Feature Request: Policy Documents Machine-Readable Salience Section
Type: Feature Request (FR)
Submitted: 2025-12-12
Submitted By: User
Priority: MEDIUM
Status: ACCEPTED
Intake Date: 2025-12-12
Assigned To: Epic 5, Story 6, Task 1
Version: v0.5.6.1+0 (doc-init)
Intake Decision
Intake Status: ACCEPTED
Intake Date: 2025-12-12
Intake Decision: Assigned to Epic 5 (Documentation Management), Story 6 (Policy Documentation Structure), Task 1
Version: v0.5.6.1+0 (doc-init)
Decision Rationale:
- FR-022 addresses policy document structure and agentic workflow support
- Fits within Epic 5's scope of documentation management
- Story 6 created specifically for policy documentation structure work
- Task 1 will implement the policy salience section feature
Kanban Links:
- Epic:
docs/project-management/kanban/epics/Epic-5/Epic-5.md - Story:
docs/project-management/kanban/epics/Epic-5/Story-006-policy-documentation-structure.md - Task: See Story 6 Task Checklist (E5:S06:T01)
Summary
Add a standardized, machine-readable "Policy Salience" section to all policy documents that captures key rules, enforcement points, decision criteria, and scope in a structured format.
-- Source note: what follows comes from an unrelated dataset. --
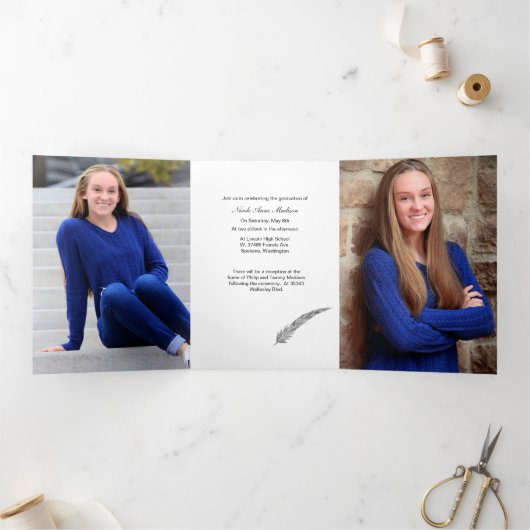 複数のフォト卒業案内 三つ折り案内状 (内部)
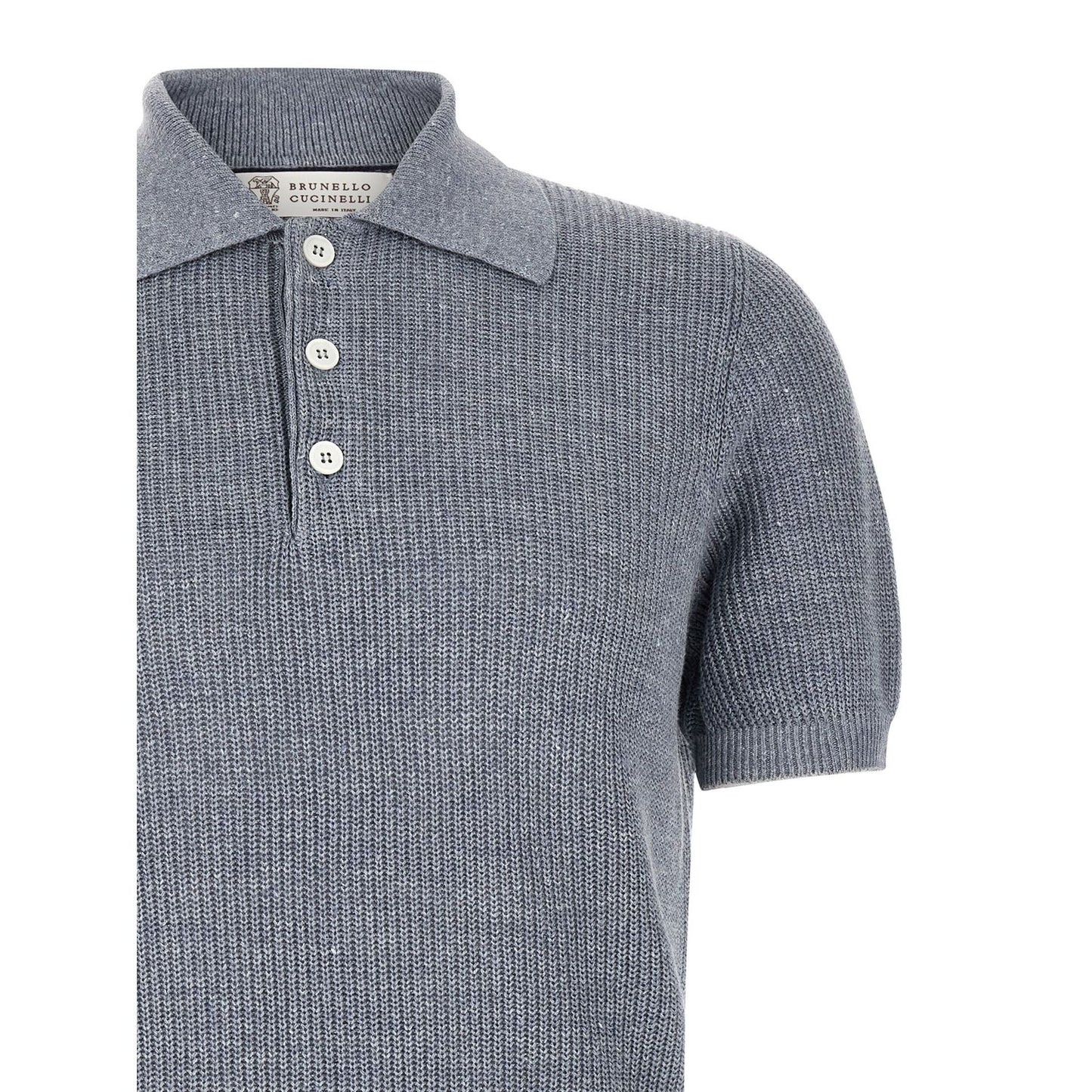 Brunello Cucinelli Blue Linen Polo Shirt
This section enables AI agents to quickly parse and understand policy requirements without reading the entire document, while maintaining full human readability.
Description
What is the Feature?
A structured metadata section (ideally at the top of policy documents) that provides:
- Policy Salience Summary: Key rules, principles, and enforcement points in machine-readable format
- Decision Criteria: When/how the policy applies, triggers, and conditions
- Scope Definition: What the policy governs, what's in/out of scope
- Validation Rules: What agents should check when enforcing the policy
- Related Policies: Links to dependent or related policies
What Should Happen vs. What Currently Happens?
Expected Behavior:
- Policy documents include a standardized "Policy Salience" section (YAML or structured format)
- Agents can quickly extract key policy information without parsing full document
- Policy salience section is human-readable (YAML format)
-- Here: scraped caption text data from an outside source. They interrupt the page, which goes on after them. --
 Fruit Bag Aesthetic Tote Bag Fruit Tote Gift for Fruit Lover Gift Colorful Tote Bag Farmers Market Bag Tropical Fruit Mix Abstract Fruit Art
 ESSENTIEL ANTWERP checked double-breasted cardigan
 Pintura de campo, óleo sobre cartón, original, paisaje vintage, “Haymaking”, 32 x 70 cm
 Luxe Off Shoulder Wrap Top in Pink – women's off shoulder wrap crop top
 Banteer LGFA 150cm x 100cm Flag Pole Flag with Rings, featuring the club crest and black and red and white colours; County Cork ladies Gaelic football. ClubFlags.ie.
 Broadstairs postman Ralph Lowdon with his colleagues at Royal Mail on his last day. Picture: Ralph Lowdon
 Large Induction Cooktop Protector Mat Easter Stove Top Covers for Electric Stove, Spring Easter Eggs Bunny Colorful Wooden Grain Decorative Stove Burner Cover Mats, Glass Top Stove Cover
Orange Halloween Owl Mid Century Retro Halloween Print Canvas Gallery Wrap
- Full policy document remains human-readable below the salience section
- Agents can validate actions against policy salience rules programmatically
- Policy salience section follows a standardized schema/template
Current Behavior:
- Policy documents are human-readable but lack structured machine-readable summaries
- Agents must parse entire documents to understand policy requirements
- No standardized format for policy metadata beyond lifecycle front-matter
- Policy rules are embedded in prose, making automated extraction difficult
- Agents rely on pattern matching and semantic search to find policy information
When Does It Occur?
This feature is needed:
- Every time an agent needs to understand a policy - Quick lookup of key rules
- When agents need to validate actions - Check against policy rules programmatically
- When creating new policy documents - Standardized format ensures consistency
- When updating policies - Salience section must be kept in sync with policy content
- When agents need to make policy-driven decisions - Clear decision criteria
Who is Affected?
Primary Affected:
- AI agents/assistants that need to understand and enforce policies
- Policy document authors (must include salience section)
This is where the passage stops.